Washington-Marion's Boutte shining in transition to offense

By By Troy LaFleur / American Press

Head coach Freddie Harrison had a big task entering the season, finding someone to take over the quarterback position for

the Washington-Marion Charging Indians.

For the previous two years, Harrison

was able to deploy his own version of a two-headed monster. In rushing

situations Melvin

Jones, who doubles as a linebacker and fullback for LSU, would

assume the position. If the Charging Indians needed to throw

the ball they would field Marius Rideaux, who’s serving as the

second-string quarterback at Millsaps College in Jackson, Miss.

With a big question mark at the quarterback position, Harrison and his staff received a blessing when defensive back Quajae

Boutte made the transition to offense shortly before the season began.

“We had two other guys in mind to compete for the starting job in the offseason and Quajae was already a proven starter at

defensive back,” Harrison said. “At first it didn’t seem like we were going to go in that direction, but last minute we as

a staff decided to plug him and that has worked out well for us.”

Following in the footsteps of a pair of collegiate athletes has been no easy task for the junior, but it is one that he has

taken head on.

“I knew it would be a big responsibility coming in and those are some really big shoes to fill, but I think I have done a

great job so far,” Boutte said.

The Charging Indians have struggled to

get into the win column, opening with a 1-3 record, but Harrison said

fault cannot

be laid with the offense, which Boutte has led by completing more

than 50 percent of his passes for 823 yards and six touchdowns.

Most of those passing yards have been to vertical threat Demond

Delahoussaye, who has caught 21 passes for 566 yards and three

touchdowns.

Last week Boutte had his best game of the year, completing 19 of 32 passes for 344 yards and three touchdowns. His 344 yards

were the sixth most thrown by any quarterback in a single game in Louisiana through the first four weeks of the season.

Harrison said Boutte brings the ability to sling the ball as well as Rideaux while remaining efficient in keeping plays alive

with his feet. He may not lead W-M in rushing, but he rarely lets a play end without putting up a fight.

“He does a good job of keeping plays alive when protection is busted,” Harrison said. “He has that uncanny ability to keep

the play alive even when there is nothing there. That is an intangible that you really can’t coach.”

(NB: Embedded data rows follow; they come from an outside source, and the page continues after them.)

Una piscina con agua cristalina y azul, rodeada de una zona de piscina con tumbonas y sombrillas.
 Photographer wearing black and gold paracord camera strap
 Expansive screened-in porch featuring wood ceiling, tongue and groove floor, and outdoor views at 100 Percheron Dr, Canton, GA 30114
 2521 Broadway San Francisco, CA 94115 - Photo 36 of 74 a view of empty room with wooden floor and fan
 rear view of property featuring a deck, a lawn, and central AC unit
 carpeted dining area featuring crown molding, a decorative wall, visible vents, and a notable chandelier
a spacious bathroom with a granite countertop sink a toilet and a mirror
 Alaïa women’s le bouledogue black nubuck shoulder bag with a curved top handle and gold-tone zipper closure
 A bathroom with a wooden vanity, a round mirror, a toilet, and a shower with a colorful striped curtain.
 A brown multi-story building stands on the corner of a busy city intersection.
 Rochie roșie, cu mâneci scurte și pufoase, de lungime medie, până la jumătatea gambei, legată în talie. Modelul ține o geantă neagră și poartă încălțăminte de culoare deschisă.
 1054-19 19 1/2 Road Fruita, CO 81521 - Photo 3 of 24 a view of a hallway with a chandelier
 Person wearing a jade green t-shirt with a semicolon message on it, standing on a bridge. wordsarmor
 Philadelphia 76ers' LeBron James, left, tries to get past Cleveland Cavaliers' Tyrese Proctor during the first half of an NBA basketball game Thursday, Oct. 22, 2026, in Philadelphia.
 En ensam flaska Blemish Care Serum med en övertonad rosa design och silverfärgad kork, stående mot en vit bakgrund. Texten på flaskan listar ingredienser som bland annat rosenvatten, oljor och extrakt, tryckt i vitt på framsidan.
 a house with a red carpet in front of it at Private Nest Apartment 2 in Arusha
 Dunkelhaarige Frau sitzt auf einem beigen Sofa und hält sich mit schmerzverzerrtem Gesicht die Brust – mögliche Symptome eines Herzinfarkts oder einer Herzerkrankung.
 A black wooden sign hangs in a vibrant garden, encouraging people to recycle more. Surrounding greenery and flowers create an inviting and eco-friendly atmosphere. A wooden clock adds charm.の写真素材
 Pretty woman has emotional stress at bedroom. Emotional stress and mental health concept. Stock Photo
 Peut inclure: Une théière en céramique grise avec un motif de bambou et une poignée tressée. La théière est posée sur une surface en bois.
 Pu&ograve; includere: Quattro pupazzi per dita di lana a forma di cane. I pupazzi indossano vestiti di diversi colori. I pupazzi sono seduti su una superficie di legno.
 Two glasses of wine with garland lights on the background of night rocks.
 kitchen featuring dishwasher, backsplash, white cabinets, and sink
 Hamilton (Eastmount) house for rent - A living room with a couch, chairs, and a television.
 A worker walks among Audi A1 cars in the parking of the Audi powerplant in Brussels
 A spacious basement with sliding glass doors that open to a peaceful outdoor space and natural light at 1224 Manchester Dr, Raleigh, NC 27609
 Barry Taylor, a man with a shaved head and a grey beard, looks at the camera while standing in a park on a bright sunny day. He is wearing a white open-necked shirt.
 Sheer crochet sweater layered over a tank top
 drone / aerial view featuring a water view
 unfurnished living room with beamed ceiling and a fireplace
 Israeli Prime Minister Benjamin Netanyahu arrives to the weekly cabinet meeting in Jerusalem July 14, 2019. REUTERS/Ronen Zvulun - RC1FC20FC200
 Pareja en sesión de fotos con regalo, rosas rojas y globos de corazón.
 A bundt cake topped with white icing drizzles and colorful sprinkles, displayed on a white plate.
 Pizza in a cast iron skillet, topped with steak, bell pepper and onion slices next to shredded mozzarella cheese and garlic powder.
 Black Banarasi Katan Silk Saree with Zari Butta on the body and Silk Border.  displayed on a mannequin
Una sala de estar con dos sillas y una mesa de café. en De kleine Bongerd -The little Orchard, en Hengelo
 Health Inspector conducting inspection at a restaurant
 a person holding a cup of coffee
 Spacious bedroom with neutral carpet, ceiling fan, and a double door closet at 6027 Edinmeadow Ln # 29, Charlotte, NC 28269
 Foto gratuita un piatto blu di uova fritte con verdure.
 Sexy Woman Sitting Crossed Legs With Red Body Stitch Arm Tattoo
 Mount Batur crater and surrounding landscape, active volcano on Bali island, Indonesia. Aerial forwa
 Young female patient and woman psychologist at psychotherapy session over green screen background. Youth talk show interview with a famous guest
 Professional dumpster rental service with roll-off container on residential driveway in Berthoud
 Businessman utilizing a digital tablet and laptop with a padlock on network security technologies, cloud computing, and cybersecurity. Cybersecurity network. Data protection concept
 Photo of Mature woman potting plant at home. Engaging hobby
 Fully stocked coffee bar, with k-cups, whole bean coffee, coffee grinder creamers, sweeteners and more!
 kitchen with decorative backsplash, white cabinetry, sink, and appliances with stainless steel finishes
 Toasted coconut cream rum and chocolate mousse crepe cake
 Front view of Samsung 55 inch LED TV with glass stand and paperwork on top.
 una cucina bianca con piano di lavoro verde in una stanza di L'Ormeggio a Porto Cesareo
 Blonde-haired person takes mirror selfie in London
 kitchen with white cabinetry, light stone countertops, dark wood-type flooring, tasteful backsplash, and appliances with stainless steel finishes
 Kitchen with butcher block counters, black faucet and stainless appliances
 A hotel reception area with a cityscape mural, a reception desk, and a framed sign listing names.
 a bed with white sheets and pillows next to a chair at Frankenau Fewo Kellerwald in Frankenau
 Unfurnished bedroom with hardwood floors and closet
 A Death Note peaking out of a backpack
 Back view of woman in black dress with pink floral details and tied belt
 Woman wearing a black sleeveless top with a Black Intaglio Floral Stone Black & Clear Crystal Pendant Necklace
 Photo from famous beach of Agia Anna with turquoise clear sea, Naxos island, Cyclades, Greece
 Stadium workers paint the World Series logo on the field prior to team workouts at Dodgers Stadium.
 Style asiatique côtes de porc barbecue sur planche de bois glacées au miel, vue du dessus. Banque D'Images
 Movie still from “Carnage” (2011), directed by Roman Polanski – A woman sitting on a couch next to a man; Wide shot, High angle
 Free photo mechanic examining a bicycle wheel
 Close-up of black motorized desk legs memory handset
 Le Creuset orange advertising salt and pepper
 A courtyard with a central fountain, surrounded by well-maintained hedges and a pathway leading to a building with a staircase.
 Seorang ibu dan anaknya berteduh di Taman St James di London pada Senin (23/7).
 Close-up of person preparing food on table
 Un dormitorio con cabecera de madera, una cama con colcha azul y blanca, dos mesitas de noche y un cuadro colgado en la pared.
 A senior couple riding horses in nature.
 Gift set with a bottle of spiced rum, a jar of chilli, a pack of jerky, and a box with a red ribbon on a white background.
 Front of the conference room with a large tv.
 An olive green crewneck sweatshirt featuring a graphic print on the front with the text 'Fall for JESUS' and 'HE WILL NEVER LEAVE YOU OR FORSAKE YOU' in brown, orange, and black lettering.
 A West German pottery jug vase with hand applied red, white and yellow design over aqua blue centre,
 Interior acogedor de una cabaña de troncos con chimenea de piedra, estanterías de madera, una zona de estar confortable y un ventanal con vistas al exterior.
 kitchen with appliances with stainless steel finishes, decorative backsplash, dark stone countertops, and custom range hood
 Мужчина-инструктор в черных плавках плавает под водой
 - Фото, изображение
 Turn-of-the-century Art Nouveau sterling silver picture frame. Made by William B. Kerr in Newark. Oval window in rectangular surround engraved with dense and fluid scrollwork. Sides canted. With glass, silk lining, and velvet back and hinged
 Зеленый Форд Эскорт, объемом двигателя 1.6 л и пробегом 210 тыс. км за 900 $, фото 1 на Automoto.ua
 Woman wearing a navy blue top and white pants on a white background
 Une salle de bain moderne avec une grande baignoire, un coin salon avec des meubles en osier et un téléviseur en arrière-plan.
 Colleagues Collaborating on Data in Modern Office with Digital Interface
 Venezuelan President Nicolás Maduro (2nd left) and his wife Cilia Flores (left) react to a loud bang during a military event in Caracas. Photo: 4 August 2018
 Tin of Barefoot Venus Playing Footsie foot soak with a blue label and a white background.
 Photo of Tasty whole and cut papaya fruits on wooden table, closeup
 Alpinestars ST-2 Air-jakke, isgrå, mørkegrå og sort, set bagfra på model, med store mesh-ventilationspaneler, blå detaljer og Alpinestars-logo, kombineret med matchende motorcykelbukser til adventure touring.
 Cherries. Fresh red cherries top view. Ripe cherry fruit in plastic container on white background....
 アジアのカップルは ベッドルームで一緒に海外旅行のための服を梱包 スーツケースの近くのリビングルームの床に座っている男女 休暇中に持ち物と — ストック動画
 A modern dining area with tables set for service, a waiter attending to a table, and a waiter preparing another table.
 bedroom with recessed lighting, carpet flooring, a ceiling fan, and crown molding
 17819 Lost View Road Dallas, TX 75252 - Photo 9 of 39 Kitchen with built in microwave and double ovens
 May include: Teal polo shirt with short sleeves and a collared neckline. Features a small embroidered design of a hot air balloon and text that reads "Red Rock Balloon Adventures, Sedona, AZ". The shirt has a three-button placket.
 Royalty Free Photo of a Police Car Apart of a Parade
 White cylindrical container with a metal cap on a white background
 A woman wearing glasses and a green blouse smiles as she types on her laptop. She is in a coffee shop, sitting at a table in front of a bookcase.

Harrison attributes much of Boutte’s abilities as a passer to his willingness to learn the position and improve himself week

in and week out.

“The good thing about Quajae is that he is very coachable and listens very well,” he said. “There isn’t anything that I have

done to make him great, he just had a knack for the game of football. He is truly a student of the game; he wants to learn

and wants to get better, and those are the types of kids that flourish.”

Possibly the biggest challenge for anyone taking over the role of starting quarterback is accepting the leadership role that

comes with it, but Harrison said it is a transition that Boutte is making easily.

“The kids respect him as a leader, they

have taken well to him,” he said. “He is not silent, he is going to

voice his opinion.

That is what you need at quarterback; you need someone who is

vocal but can remain calm and collected. Quajae is a true field

general.”

Boutte said he is still learning the ropes as the team’s leader, but it is a role he enjoys.

“I’m still friends with everyone, but I know that I have to take my job a lot more seriously than I did when I was on defense,”

Boutte said. “Everyone respects me more than they used to, but we are all working together to win.”

Boutte and the Charging Indians lost their first district game last week in Rayne, but look to begin their quest for a District

4-4A championship Friday night at home against Eunice.

“We are capable of making some big plays, we just have to come together as a unit,” Boutte said. “We aren’t quite there as

a unit yet, but once we are, we are going to roll.”